After a partitioned table has been running for a while, the most common problem isn't "writes are failing" — it's that load has drifted. Some Regions absorb far more writes than others, driving up latency. Others become cold and tiny after workload changes, consuming resources with almost no traffic.
If you've used HBase, this will sound familiar — it's the same problem that Region Split and Region Merge solve. GreptimeDB provides SPLIT PARTITION and MERGE PARTITION to adjust partition boundaries online, so the rules match the current data distribution again.
This guide covers:
- How to tell when a table needs repartitioning.
- Step-by-step examples for both Mito Engine and Metric Engine tables.
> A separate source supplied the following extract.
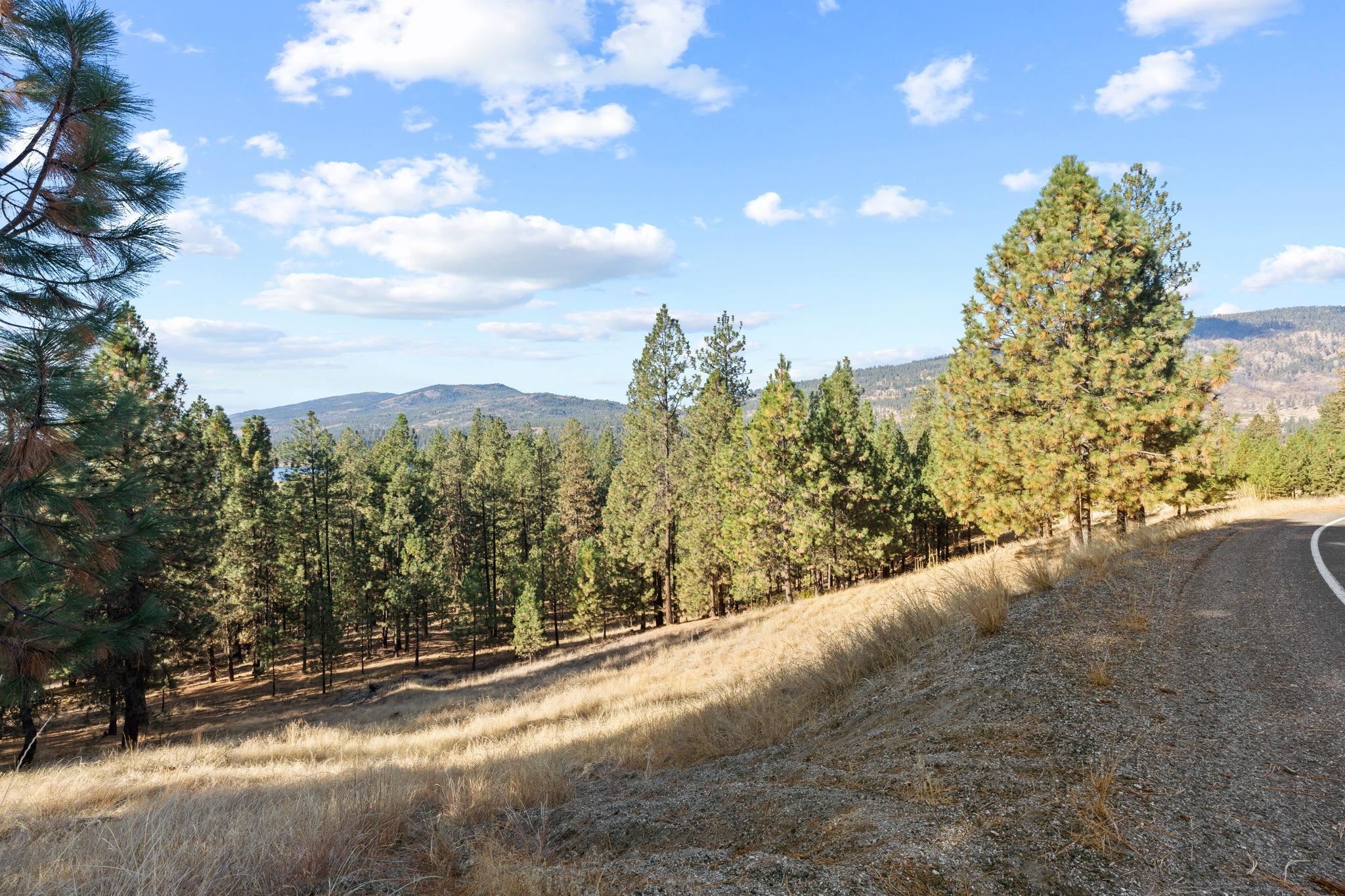 201 Old Kettle Road Kettle Falls, WA 99141 - Photo 6 of 22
- Checklists and common pitfalls.
Repartition in one sentence: an online adjustment of partition rules and Region routing. No physical data migration — the switch happens by updating manifest file references for each Region.
Version note:
SPLIT PARTITIONandMERGE PARTITIONwere introduced in GreptimeDB v1.0-rc.1. Make sure you're on the latest version before trying this.
Background: how partitioning works in GreptimeDB
A distributed GreptimeDB cluster has three core components:
- Frontend — A stateless proxy layer that accepts client requests and routes writes and queries to the correct Datanode based on partition rules.
- Metasrv — Manages cluster metadata: table schemas, partition rules, and the mapping of Regions to Datanodes.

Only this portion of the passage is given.